It also provides that, since 1958, the opposition may make an issue of Government accountability by tabling a motion of censure (article 49 of the Constitution). It is true that only one such motion of censure has been adopted since then. However, in practice, the procedure is used on a regular basis by the opposition to display its disagreement with Government policy. In this context, its interest is that it leads to the holding of a formal debate.
Since 1974, sixty M.P.s or sixty Senators can refer laws before their promulgation, to the Constitutional Council (article 61, paragraph 2 of the Constitution). This reform strengthened the place of the opposition in Parliament by allowing it to submit the ruling majority (and the Government it supports) to the respect of the fundamental law.
However, until quite recently, the ideas of ruling majority and opposition did not appear in the Constitution. The National Assembly had, indeed, attempted to change its Rules of Procedure so as to provide a legal basis to these two notions (motion of June 7, 2006) but the Constitutional Council opposed it (Decision n°2006-537 DC of June 22, 2006).
The element which was apparently missing was established by the Constitutional Act of July 23, 2008. Since then, the new article 51-1 which was inserted into the Constitution provides that “the Rules of Procedure of each House shall determine the rights of the parliamentary groups set up within it.

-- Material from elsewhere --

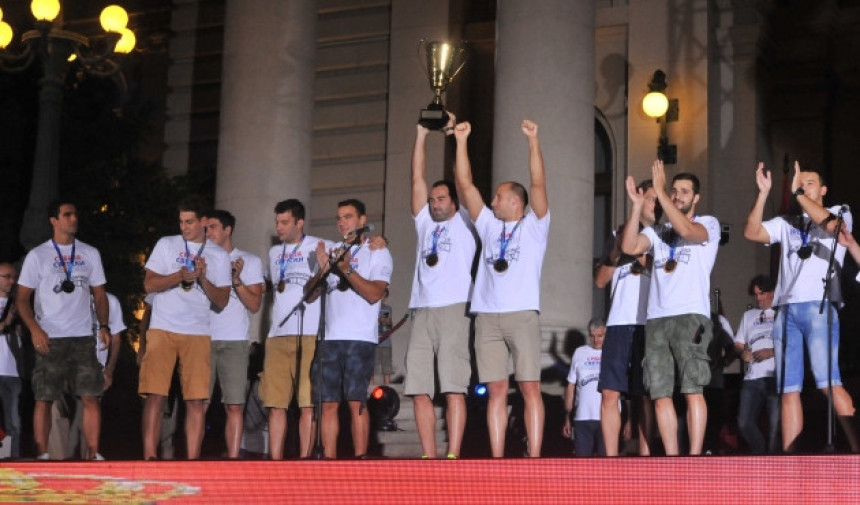 Kako su Srbi dočekali zlatne vaterpoliste?!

They shall recognize that opposition groups in the House concerned, as well as minority groups, have specific rights”.
M.P.s and Senators thus made sure that the assemblies would provide specific rights to certain groups and not to others.
Thus, the National Assembly, upon the implementation of its new Rules of Procedure in June 2009, provided for better representation of all its political spectrum in the decision-making bodies of the Assembly. It also provided for the direct participation of opposition and minority groups in the activities of monitoring and assessment as well as the recognition, in their favour, of a certain number of prerogatives, including in the exercise of the legislative function.
I.– OPPOSITION AND MINORITY GROUPS
At the National Assembly M.P.s may gather together by political affinity. Since the entry into force of the motion of May 27, 2009, a group may be constituted as of 15 members, as opposed to 20 previously. To this end, it must transmit a written political statement signed by all its members to the President of the National Assembly.
As specific rights are recognized for opposition and for minority groups, it appeared necessary to include in the Rules of Procedure a definition which would allow such groups to be identified.
This definition appears in article 19 of the Rules of Procedure. It is based on a declaratory procedure (this solution was considered as the most satisfactory and the one which best respected individual freedom) and comes directly from the very terms of the Constitution.
1. – Opposition groups are those which declare themselves as such
Upon their constitution, groups may declare, in the political statement signed by their members which they transmit to the President, their membership of the opposition.
This statement may be made, or withdrawn, at any time. Nonetheless, it is made clear that the “specific rights”, which must necessarily be granted over a period of time, are attributed or not, according to the status of the group at the beginning of each term of Parliament and then annually at the beginning of the ordinary session.
2. – Minority groups are the other groups with the exception of the largest
Minority groups are those which have not declared themselves members of the opposition with the exception of that which has the largest number of members. In concrete terms, they are the smaller groups of the governing majority or groups which are neither in the opposition nor in the governing majority.
Minority groups also have specific rights which are attributed over the same time-scale as for those of the opposition.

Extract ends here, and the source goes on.